At the present historical juncture, she sees global changes transforming the very foundations of world order through the reconstruction of traditional forms of sovereign statehood, political community and international governance. Clearly, the world moves from a state-centric emphasis towards a new politics of multilayered global politics in which "India Shining" becomes a slogan that brings out the race for profit, notwithstanding the harsh exploitation of the hungry masses and the marginalised few. Roy bitterly criticises the India public for their jubilation at the Oscar going to Slumdog Millionaire: "The fact that the film—not even an Indian film—won these prizes sent people into orbit. But it is an odd movie for a country to be proud of. What were we celebrating? Child poverty? If it wasn’t so tragic it would be comical." She draws attention to dark underview" of Indian democracy and its working that has left in its wake violence against the poor, the minorities and against the environment.

Arundhati Roy’s prose is once again as razor-sharp as ever. The collection of essays on the ever-evolving complexion of democracy in an era of neo-liberal economies demands this incisive analysis of those dark events that blemished Indian history between the 90s to the present. Her main interrogation bases itself on two questions: "What happens once democracy has been used up? When it has been hollowed out and emptied of meaning?"

The amalgamation of democracy and the free market economy has moved all motivation towards profit. Such "predatory capitalism" stands behind the strengthening of neo-liberalism that cohabits with governments that remain ever incorrigible in collaborating with economic giants for short-term gain. As Roy aptly asks, "Could it be that democracy, the sacred answer to our short-term hopes and prayers, the protector of our individual freedom and nurturer of our avaricious dreams will turn out to be the endgame for the human race?"

At the outset, Roy blames democracy’s "nearsightedness" as its chief blemish and paradoxically its only attractive feature. We survive for the moment and create a future to which we turn a blind eye. It is with this undertone that Roy’s acts of resistance become meaningful at the very moment of crisis, may it be the Gujarat genocide, or the attack on Parliament, or the disturbing uprising in Kashmir in 2008 or the Mumbai terrorist attack. Though one has read most of the essays that appear in this anthology elsewhere, they together strike a note of exasperation and anger at the dismal evolution of Indian democracy.
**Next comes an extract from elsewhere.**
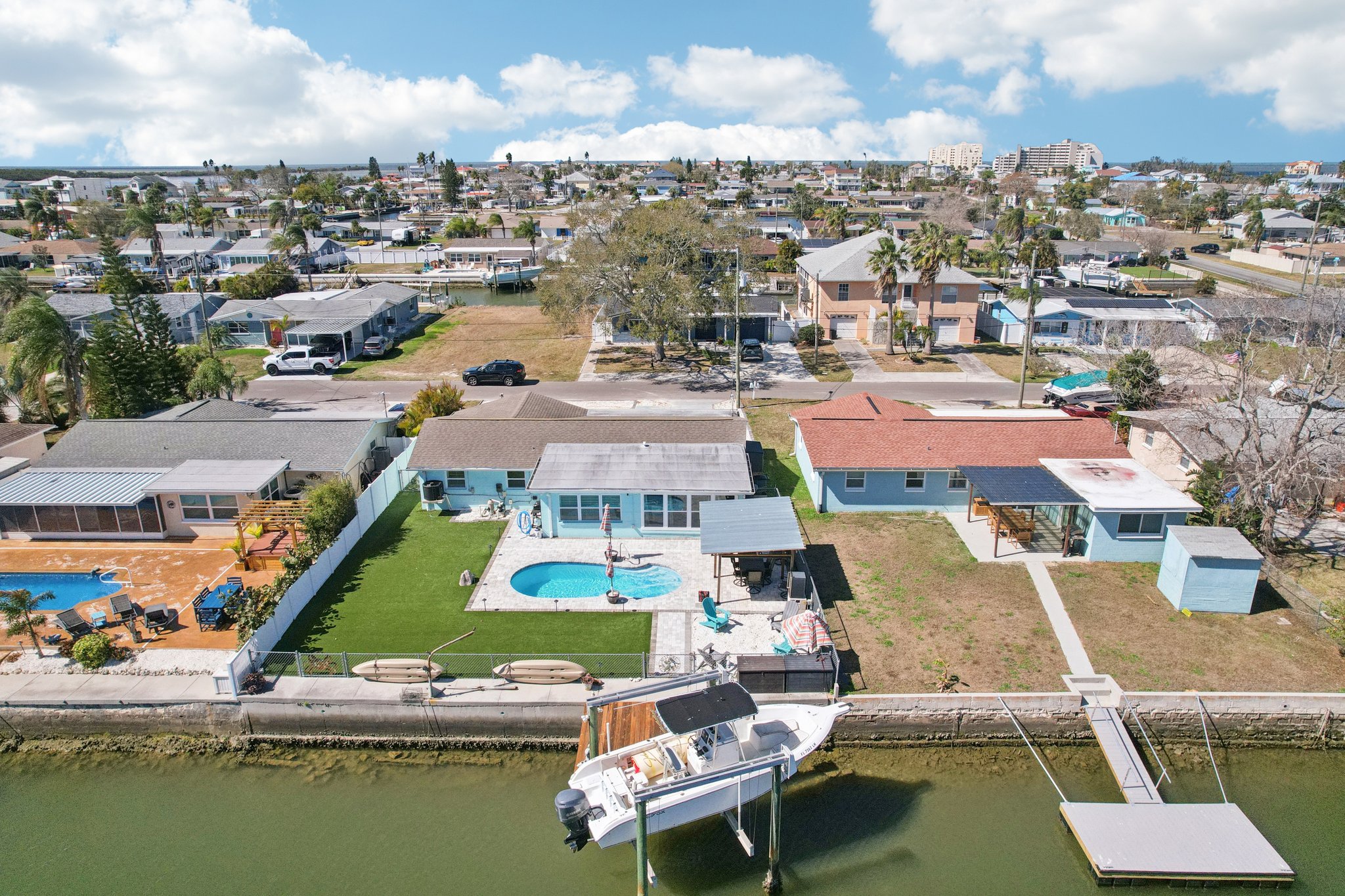 Leslie Dr-S2402-082.jpg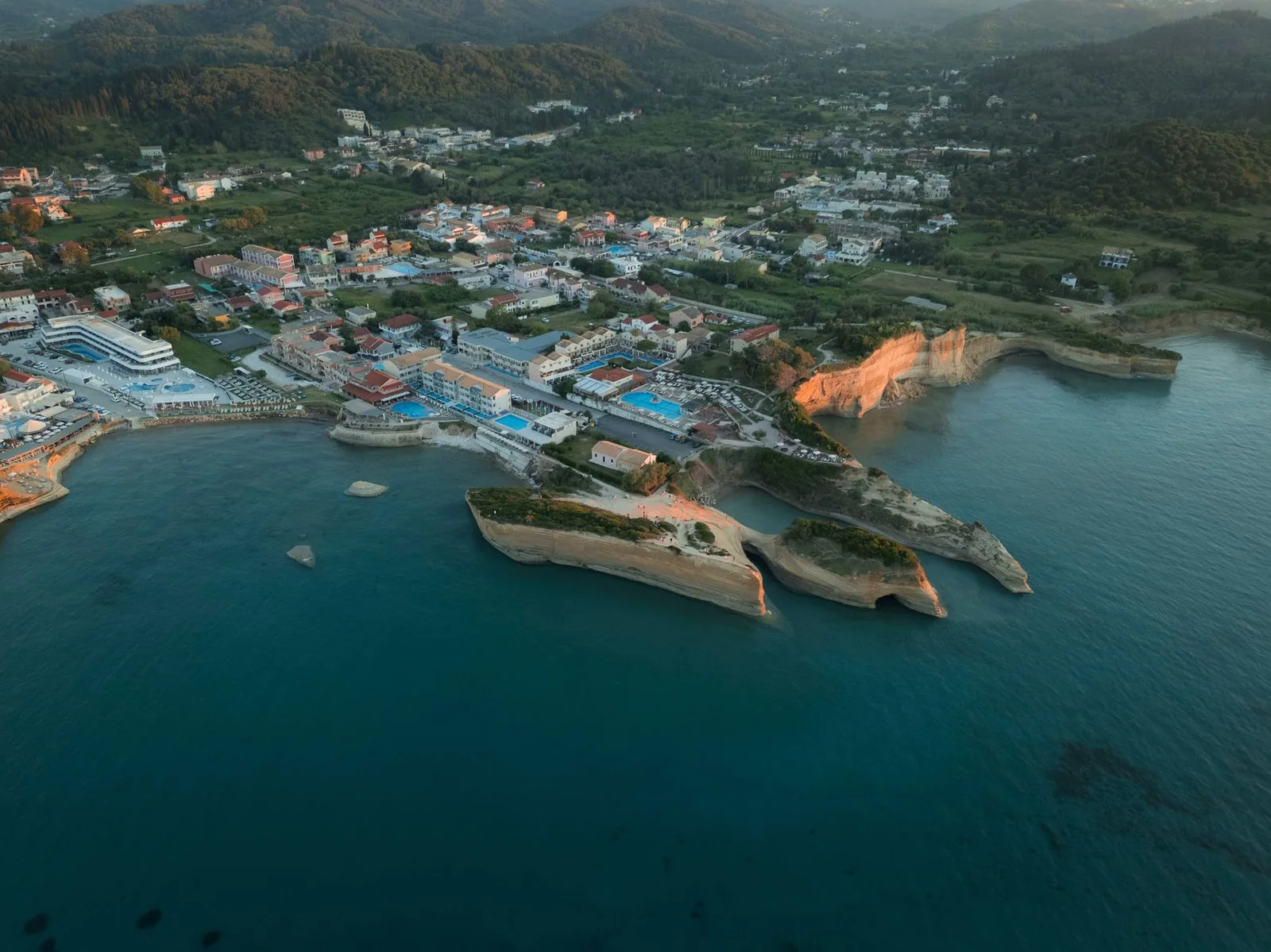 La station balnéaire de Sidari et ses falaises de grès au coucher du soleil, Corfou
The book has no single narrative. The interplay of rage and humour goes a long way in cynically shattering received "truths". The various essays and speeches are both agitational and inspirational in nature, presenting eye-opening as well as provocative responses and views that together build this fascinating collection of dissident writing traced through the global use of rebellion against capitalism and racial bigotry.
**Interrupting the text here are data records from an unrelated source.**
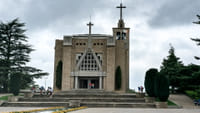 Private car transfer from Porto to Guimarães 1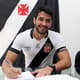 Luan assinou a renovação do contrato com o Vasco nesta sexta-feira (Foto: Paulo Fernandes/Vasco.com.br)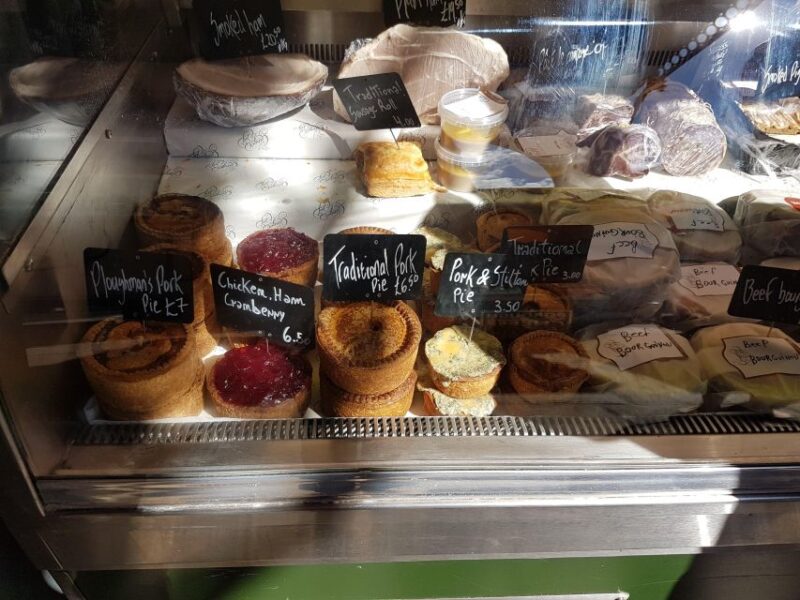 London Private: Try 8 English Foods & See 30+ London sights! - Food Highlights: Classic British Dishes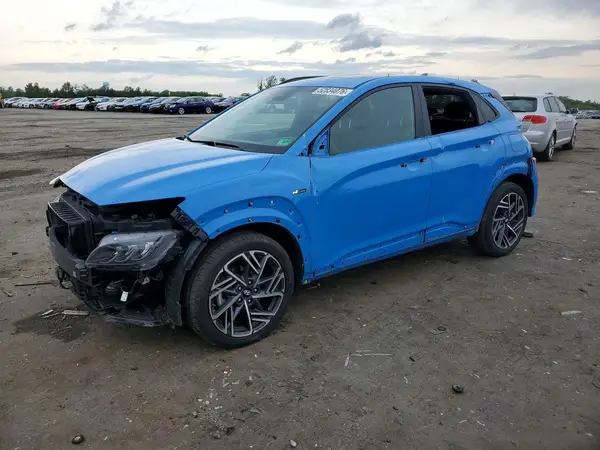 KM8K33A38NU830425 2022 HYUNDAI KONA - Image 1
In all this free market dramatics, writing from the heart of the matter in areas of social justice, universal human rights, rule of law and transnational camaraderie becomes singularly an aspiration of survival and a motivating force behind all libratory movements.

The book is indeed a lucid and balanced account of some of the most important intellectual and political debates in contemporary Indian history. The inspiration of Noam Chomsky, Howard Zinn and John Berger works in Roy in ways which makes a substantial difference to the exposure and castigation of cross-border terrorism, the infringement of human rights, the curse of ethnic cleansing and the lack of human concern for ecological balance.